The agency deducted 20 per cent of the gain to cover maintenance costs during the period of ownership while adding back capital gains and stamp duty. This gives the average higher-rate tax-paying landlord a net profit of £43,340 after selling. This figure rises to £154,600 in London due to higher property prices and increased capital gains.
Property investors chasing high-yielding homes to add to their portfolios should consider these points:
The buy-to-let market has mushroomed from almost zero to more than 4.4 million privately rented homes in around two decades.
The peak of the market was in 2017. Since then, the market has shrunk by 275,000 homes, says Hamptons.
Adding a three per cent stamp duty surcharge to purchase costs and phasing in mortgage interest relief have forced some mortgaged landlords to sell their investments. Another reason for a shrinking market is that many early investors in their 40s two decades ago are now divesting their assets to pay for retirement.
Gross yield expresses a property’s value divided by rental income as a percentage.
Net yield expresses a property’s value divided by rental income, less business costs.
A Section 21 eviction allows a landlord to repossess a rented home when a tenant has not broken the terms of a tenancy agreement.
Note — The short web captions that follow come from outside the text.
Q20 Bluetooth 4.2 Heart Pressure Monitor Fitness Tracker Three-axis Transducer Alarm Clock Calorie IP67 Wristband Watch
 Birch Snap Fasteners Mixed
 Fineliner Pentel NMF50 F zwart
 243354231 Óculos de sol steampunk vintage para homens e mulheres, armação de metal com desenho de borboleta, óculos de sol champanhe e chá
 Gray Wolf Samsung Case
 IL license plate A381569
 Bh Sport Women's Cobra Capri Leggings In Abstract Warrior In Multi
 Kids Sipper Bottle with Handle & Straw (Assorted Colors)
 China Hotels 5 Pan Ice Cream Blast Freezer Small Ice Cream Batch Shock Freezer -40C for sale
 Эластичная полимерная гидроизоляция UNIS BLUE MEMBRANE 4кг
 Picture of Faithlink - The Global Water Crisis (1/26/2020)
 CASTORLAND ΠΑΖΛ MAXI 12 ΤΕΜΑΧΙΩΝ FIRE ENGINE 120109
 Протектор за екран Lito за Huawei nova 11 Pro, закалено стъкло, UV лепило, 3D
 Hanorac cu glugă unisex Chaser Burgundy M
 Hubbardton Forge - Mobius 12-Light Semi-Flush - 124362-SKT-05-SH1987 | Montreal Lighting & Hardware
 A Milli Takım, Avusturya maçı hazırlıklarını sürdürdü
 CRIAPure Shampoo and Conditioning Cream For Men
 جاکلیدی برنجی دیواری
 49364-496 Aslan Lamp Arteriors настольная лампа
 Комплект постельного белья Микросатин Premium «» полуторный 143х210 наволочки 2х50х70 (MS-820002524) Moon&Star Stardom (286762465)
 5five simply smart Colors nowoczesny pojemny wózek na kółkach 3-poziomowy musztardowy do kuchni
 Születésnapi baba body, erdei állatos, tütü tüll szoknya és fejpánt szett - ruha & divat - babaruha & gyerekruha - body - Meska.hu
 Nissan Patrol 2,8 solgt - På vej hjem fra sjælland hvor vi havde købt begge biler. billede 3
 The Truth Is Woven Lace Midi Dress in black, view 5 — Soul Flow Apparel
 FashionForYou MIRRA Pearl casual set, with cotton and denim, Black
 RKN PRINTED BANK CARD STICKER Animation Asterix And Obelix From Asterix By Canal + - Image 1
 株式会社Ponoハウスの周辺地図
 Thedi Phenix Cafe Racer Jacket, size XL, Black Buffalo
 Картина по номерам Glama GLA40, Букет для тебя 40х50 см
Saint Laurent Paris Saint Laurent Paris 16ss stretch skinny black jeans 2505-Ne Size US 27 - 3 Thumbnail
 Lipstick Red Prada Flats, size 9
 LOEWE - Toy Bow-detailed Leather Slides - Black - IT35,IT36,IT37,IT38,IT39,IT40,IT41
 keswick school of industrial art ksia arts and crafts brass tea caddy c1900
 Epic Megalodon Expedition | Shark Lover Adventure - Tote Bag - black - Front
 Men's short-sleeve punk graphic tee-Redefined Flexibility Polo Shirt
A standard Section 21 eviction would be to issue the notice so the property can be sold.
Typically, the more expensive the property, the lower the yield, so landlords in London and the south should expect lower yields because the homes are considerably more costly than those in the north and Scotland.
In December 2020, 2 million landlords held buy-to-let mortgages on almost 5 million privately rented homes. This means around 40 per cent of landlords have a mortgage.